UNDER SECRETARY BURNS: I just said that a very strong expectation was created by the Serb Government back in June that Mladic would be -- his arrest was imminent. It didn't happen. And so I went to Belgrade and I told them how disappointed I was.

QUESTION: That's right. Okay. So my question is is that after months of this now, isn't -- why you seem to be so circumspect right now and just keep moving the date of reckoning further down the track?

UNDER SECRETARY BURNS: I didn't think I was being circumspect, really. Maybe I've surprised myself. We think we're being very clear. We -- the United States has consistently taken the hardest position on this issue of any country in the NATO alliance and will continue in that vein because we simply believe that it's fundamentally inconsistent to begin to welcome a country onto the NATO membership track, and Partnership for Peace would be a first initial step, if that country hasn't complied with the United Nations War Crimes Tribunal in a celebrated case and if the object of that concern is a person who is responsible for a massacre that occurred ten years ago, 8,000 people killed. So we have strong views and we're going to keep to them. And I don't think we're being circumspect, but I think we're being very open and clear about it.

QUESTION: I guess I was referring in terms of the certification. Is it a statutory thing in terms of the dates or the time or --

UNDER SECRETARY BURNS: Oh, yes, it's statutory.

QUESTION: Oh, okay.

UNDER SECRETARY BURNS: Yeah. And it will come up on the calendar and we'll let you know what decision the Secretary makes. But right now it's not heading in a very positive direction because there's this very large issue out there called Ratko Mladic.

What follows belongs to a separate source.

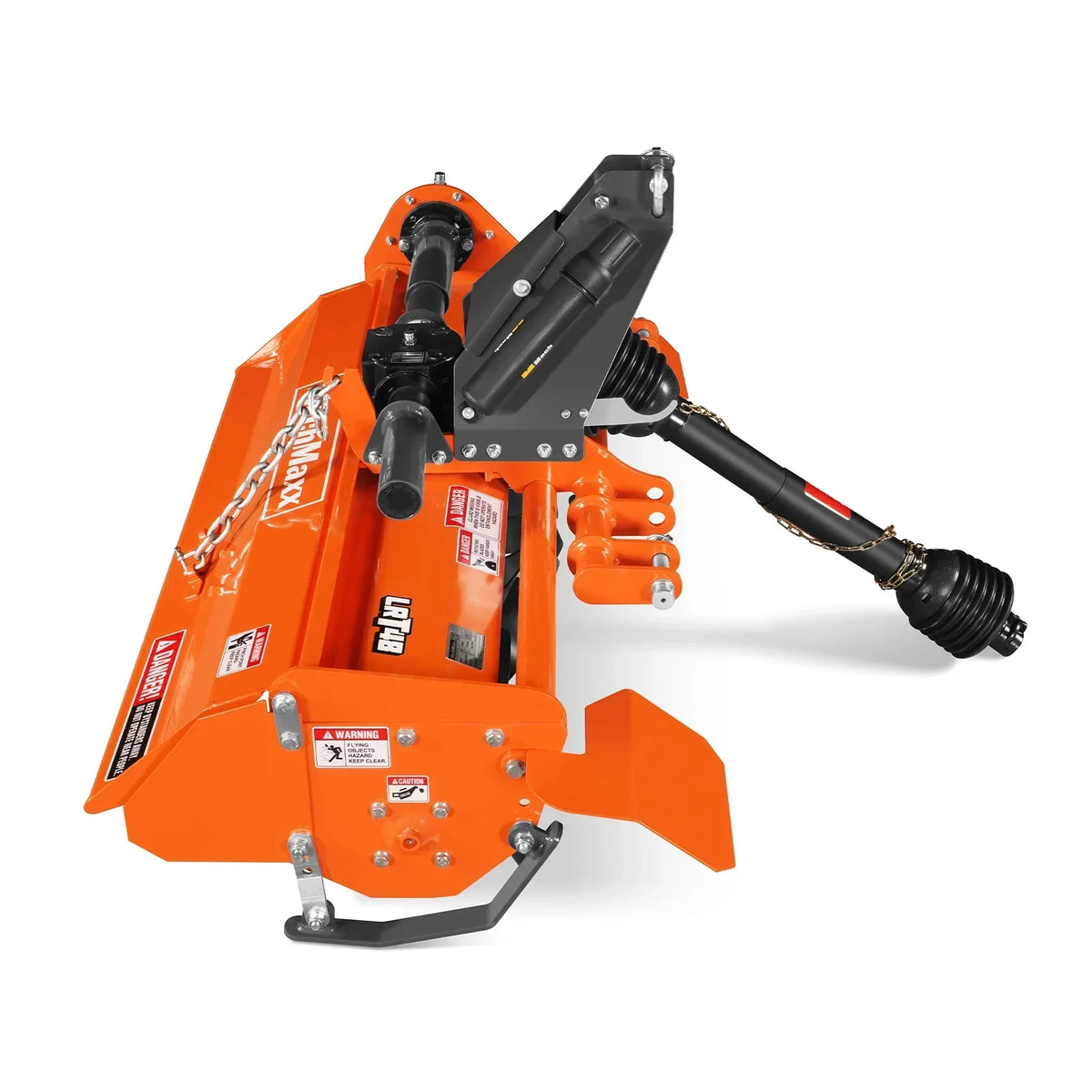 48 in Rotary Tiller,  3 Point Hitch Cat.1,  Chain Drive,  PTO Shaft Included with Shear Bolt,  18-35 HP,  LRT48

QUESTION: Do you know, ballpark, about when it should come up or?

UNDER SECRETARY BURNS: I think it's at the end of the year.

QUESTION: At the end of the year.

UNDER SECRETARY BURNS: Yeah, I can check.

QUESTION: Okay.

UNDER SECRETARY BURNS: Charlie.

QUESTION: I mean, the previous question referred to a few months ago and you've been saying this for a while. Well, you know and I know you've been saying this for years. And I'm not trying to be funny. I mean, the U.S. can be as hard as it wants. It sounds like a broken record. And while it sounds good and while the aim is good, why isn't something happening or why aren't you doing more to put pressure on to make more happen? It seems like you say something and it rolls off like water off a duck's back.

UNDER SECRETARY BURNS: I don't think so. For most of the last ten years, the Serbs obviously were not interested in bringing these people to justice. They didn't make any attempt to do that. But in the last year or two, the Serbs now see that they have -- the Serb Government has an opportunity to begin a membership track with the European Union and with NATO. And so now we've seen over the last year -- the last ten months -- action by the Serb Government on the 13 individuals that I talked about, transferred to The Hague.

We need to see action now on the biggest prize, which is Mladic, and we hope the same will be true of Karadzic. So there is leverage here. The Serbs are responding to it. It's very important that the United States and our other allies not weaken and not give into those who say that we should just forget about this and look to the future and bring Serbia into Partnership for Peace. That's not our view.

So I think the leverage is actually working if you look at the actions of the Serb Government. They just now need to get to the toughest question of all, which Mladic.

QUESTION: What are our allies doing or what are they not doing? And who could do more to help you get your -- reach your aim?

UNDER SECRETARY BURNS: Our allies -- this is NATO policy actually, so we have a unified NATO position that Mladic should be turned over to the War Crimes Tribunal.

Yes.

QUESTION: On Kosovo, I don't quite understand why, in your opening position, is there such a forthright opposition to the possibility of partition. I mean, there are plenty of other precedents flying around at the moment where the Bush Administration is willing to recognize redrawing borders. I mean, the Israeli-Palestinian conflict readily springs to mind. And if the two sides were to agree on a way of partitioning Kosovo, and there's an obvious way that one might do that -- plenty of people have drawn up maps in the past -- would that -- why do you have to rule that out that from the beginning?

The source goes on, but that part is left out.